Let me tell you, it is not rosy. Not even pale pink. More like grey... on some days dark grey even. I am not trying to sweep away or even minimize all the issues and complications and frustrations A. has had to deal with, but for now I wish to write about the unsung complications of the culture shock spouse .

Friday, September 2, 2011

Construction and different points of view

Now that we have a house there are a few things we want to improve here and there. Which means we need to delay moving in until we get things done. In Brazil (as I imagine most developing countries would be) you hire the labor (1 guy for the wood work, another for putting tiles, one for the plumbing and a painter in our case) and buy the materials separate. They first come to the house, evaluate the work and set a price. This worked for the first 3, but the painter charged an absurd amount, which means we could start on the rest of the work while looking for another painter.  Thankfully my brother gave me the contact of the first 3 guys as they had worked on his house and were reliable.
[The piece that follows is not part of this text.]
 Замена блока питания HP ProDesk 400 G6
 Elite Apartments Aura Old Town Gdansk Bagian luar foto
The woodworker came on Monday and brought a nephew to help him. He is very nice and works fast, which are big pluses. The tile guy brought 2 people to help him set tiles and flooring, but they came only on Wednesday. So my schedule has been to wake up at 6:30am, go to the house, check with the workers was it missing (despite having bought all the material they wanted beforehand there is always something they forgot and needs to be bought asap). Then rush to the construction store and get the stuff, then go home, shower and get to work. At lunch I go out to buy the other things needed for a house to work, like a bed (Monday), a mattress (Tuesday), more construction materials that were forgotten (Wednesday), a fridge (Thursday). These purchases require going around 5-6 stores, asking for the price and whether they deliver, then going back to the best option and buying it. Back to work and finally head home around 7:30pm, go by the house to see what they have done, and crash. It is exhausting but should be rewarding once it is done.
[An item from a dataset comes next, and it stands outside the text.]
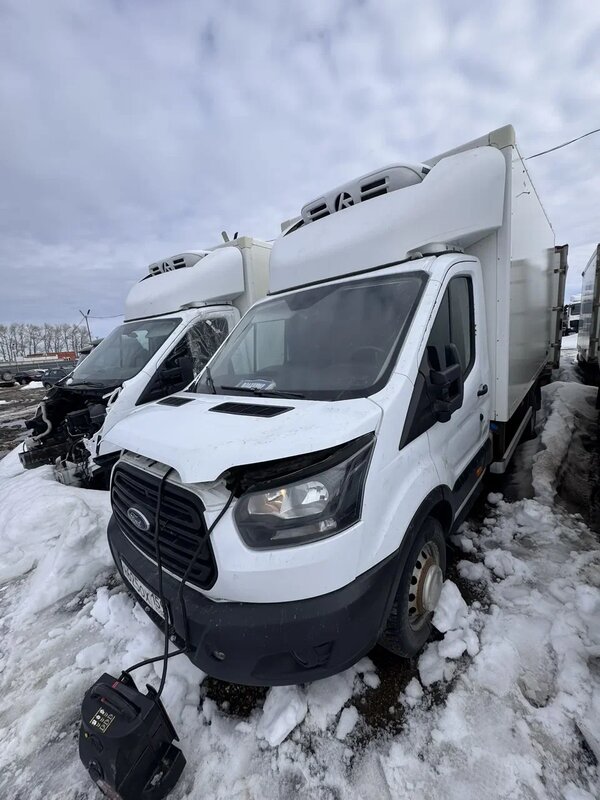 Ford TRANSIT Микроавтобус — фото 4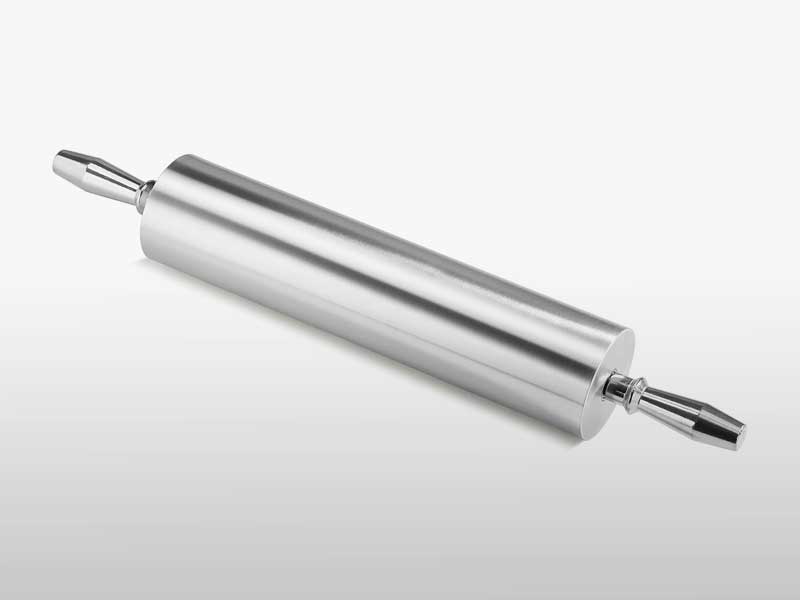 The New Star Foodservice Aluminum Rolling Pin Built for Serious Dough Work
Today A. accompanied me in the morning routine as he arrived last night. He is very different from me in regard to how to get things done. I, at this point in time, just want to get things done and move in, whether that requires more effort on my side or not. A., on the other hand, wants to do less work himself and hire someone. I explained I already tried 2 painters (the second one wanted me to go pick him up where he was working across the city, go to the house to give me an estimate and then drive him back... that did not happen) and have no more ideas on where to find another. So I am willing to paint the house this weekend and get it over with. A. planned to play cricket on Saturday, so that day he is not available. Meaning we could do it Sunday, but he is still trying to get a painter instead...

Gardening is the next issue... the yard is overgrown and although it has several nice fruit trees they need space to survive and sunlight to bear fruit. I worked on the yard the whole past weekend and although I made considerable progress there is still a lot to be done. I need help to cut some larger trees in the backyard but am willing to do the rest myself. A. wants the gardener (who is charging USD75 a day, a pretty high wage for here) to do everything, including manicuring work with small plants, which is the last thing on my list.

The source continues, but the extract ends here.